Kleiner Sonntag Schweiz 2008 – 69min.

Filmkritik

Multikulti F(l)ickwerk

Filmkritik: Eduard Ulrich

Der junge Zürcher Philipp Ramspeck hat in nur zwei Wochen mit nur drei Fachleuten einen Film gedreht, der Quartierkolorit mit fantastischen Elementen kombiniert. Bei der Premiere ist einigen im Publikum übel geworden, woran nicht nur die viele Wackelhandkamera schuld war.

Philipp Ramspeck hat kürzlich die Matur abgelegt und konnte sich endlich voll und ganz seiner Leidenschaft widmen: dem Film. Er hat sich offenbar sehr für sein Projekt eingesetzt, denn er konnte seine Pläne tatsächlich realisieren, und sein Film hat es bis zur Premierenvorstellung geschafft. Vielleicht ist dieser unbedingte Wille, das Ziel zu erreichen, ein Grund für einige problematische Aspekte.

Ramspeck fokussiert auf den Zürcher Kreis 3, der von eher weniger gut gestellten Personen und vielen Ausländern bewohnt und bevölkert wird. In einer losen Folge von Episoden, die nur selten Berührungspunkte aufweisen, charakterisiert er die Atmosphäre und das Lebensgefühl, indem er jeweils einige wenige Personen mit ihren Aktivitäten präsentiert. Bis auf einen professionellen Darsteller, der auch gleich zwei extreme Seiten einer Kunstfigur verkörpert, spielen sich die Laiendarsteller selbst, die Handlung wurde aber zusammen mit der Regie besprochen, Drehbuch gab's allerdings keines.

Die einzelnen Episoden sind also alles andere als zufällig, dennoch will sich kein überzeugender Gesamteindruck einstellen, denn die surrealistischen Einfälle schaffen Distanz zur eigentlichen Substanz, schwächen die Wirkung der ungefilterten, harten Realität ungewöhnlicher Figuren und randständiger Existenzen. Das Verständnis wird auch nicht durch die Tatsache erleichert, dass ein beträchtlicher Teil der ohnhin nicht üppigen Dialoge unübersetzt ist, wobei die zu hörenden asiatischen Sprachen dem breiten Publikum, sofern der Film dieses findet, nicht geläufig sein dürften.

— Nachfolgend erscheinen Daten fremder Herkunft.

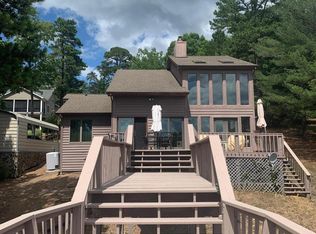 303 Deerwood Dr, Huddleston, VA 24104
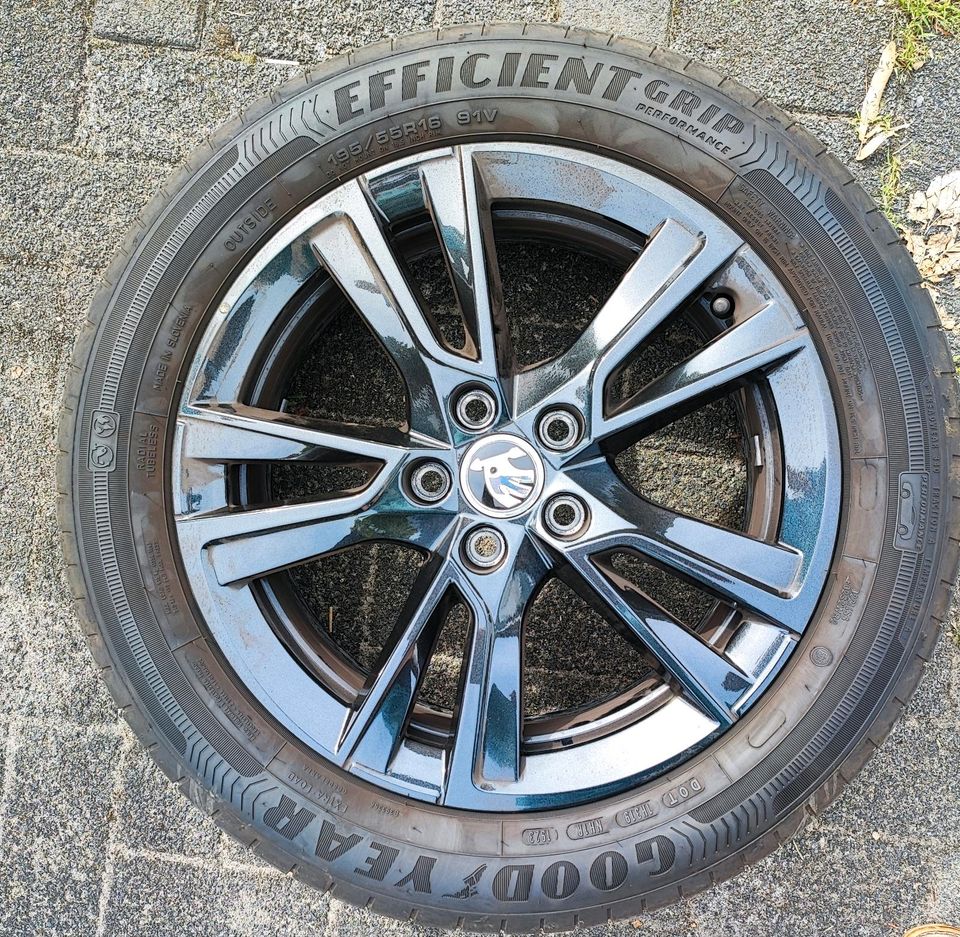 Alufelgen Komplettradsatz Skoda Sommerreifen 195/55 R16 91V NEU in Gütersloh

Auch wenn der Film vor der Publikumspremiere am Filmstock Festival gezeigt wurde, so scheint es, dass die geringe Produktionszeit und das kleine Budget massive Spuren hinterließen und es nur wenige neutrale Augen gab, die dem Regisseur einen guten Rat geben oder mit Kritik die ärgsten Stolpersteine aus dem Weg räumen konnten. Wenn man dem Film also einen hochexperimentellen Charakter attestieren muss, so bezieht sich das nicht auf die Expansion filmischer Mittel und ästhetischer Kriterien, sondern auf den Entwicklungsstand von Werk und Regie. Von einer Talentprobe zu sprechen, wär hochgegriffen; besser wär es meiner Meinung nach gewesen, wenn sich Herr Ramspeck selbst noch ein paar Jahre Reifezeit gegönnt hätte, statt sich mit einem nicht wirklich fertigen Produkt an die Öffentlichkeit zu wagen.